A new battle is emerging for authors and musicians who worked with Tate Publishing. News 9 reported the company's two Oklahoma owners, Richard and Ryan Tate, were arrested last week.

The business has been closed since January, but books are still on the market under the Tate name.

A spokesman for Attorney General Mike Hunter told News 9 the office has gotten more than 200 new complaints since the Tates' arrest, bringing the total close to 1,100.

Now as the authors try to move forward with their life's work, they find themselves facing a task that is easier said than done.

Roz Brown's latest book, So You Wanna Be A Help Meet?: Act Like A Godly Woman Think Like Christ?, hit the market in August last year, with Tate Publishing proudly brandished across the back. She said she never saw a dime from the Tates, and despite their business closing, the books are still out there.
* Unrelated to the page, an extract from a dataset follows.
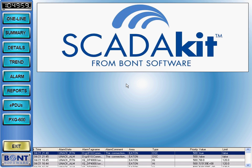Hello, and welcome to Bont Software's presentation of SCADAkit. I'm delighted to introduce you to the SCADAkit Rapid Development System Version 3.0, a Wonderware-certified vertical solution for power monitoring and oil and gas.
“Any book that’s purchased with the Tate branding on it, they still get the money,” Brown said. “I get nothing.”

Brown found a new publisher, but the newly printed books now sit alongside the Tate brand on sale on websites like Goodreads and Amazon, a hardly noticeable difference to a customer.

Goodreads told Brown in an email, in part, “we have a strict policy against deleting books from the system. Goodreads is striving to be a complete database of all published works, including works that are out-of-print or no longer available. We like our members to be able to add their exact edition to their virtual shelves. Just as a library would not remove a record from its catalog, so we do not remove books from our database.”

On Amazon, Tate's version of Brown’s book still pops up first. The web giant responded to Brown’s request to remove the book with an email citing copyright laws, which do not apply to her specific dilemma.

For some authors, like Kevin Walls, there is no choice. The file for Walls's memoir, The Unbearable Tragedy of Hope: Fighting Through Foster Care To Finally Find The Sun,  about life as a foster child is still in Tate's possession, so he hasn't been able to take it to a new publisher.

“It’s actually a journey of life, going through an abandonment at the age of three years old,” said Walls. “I don’t think it’s funny when you’re talking about kids out there, and it happens all the time, kids going through what I’ve been through.”

Walls said his message is more important than the money, but right now his book is listed on Amazon for the out-of-print price of nearly $200, and his hopes are slim that he will ever see the full 40-percent of sales Tate promised him.

Brown advises, buyers beware.

“If you want to purchase our books, you either go directly to the author and see if they have those books, or you go directly to their new publisher,” said Brown.

This is still an open investigation, so the attorney general will not answer questions right now about when the authors affected might see money or their manuscripts.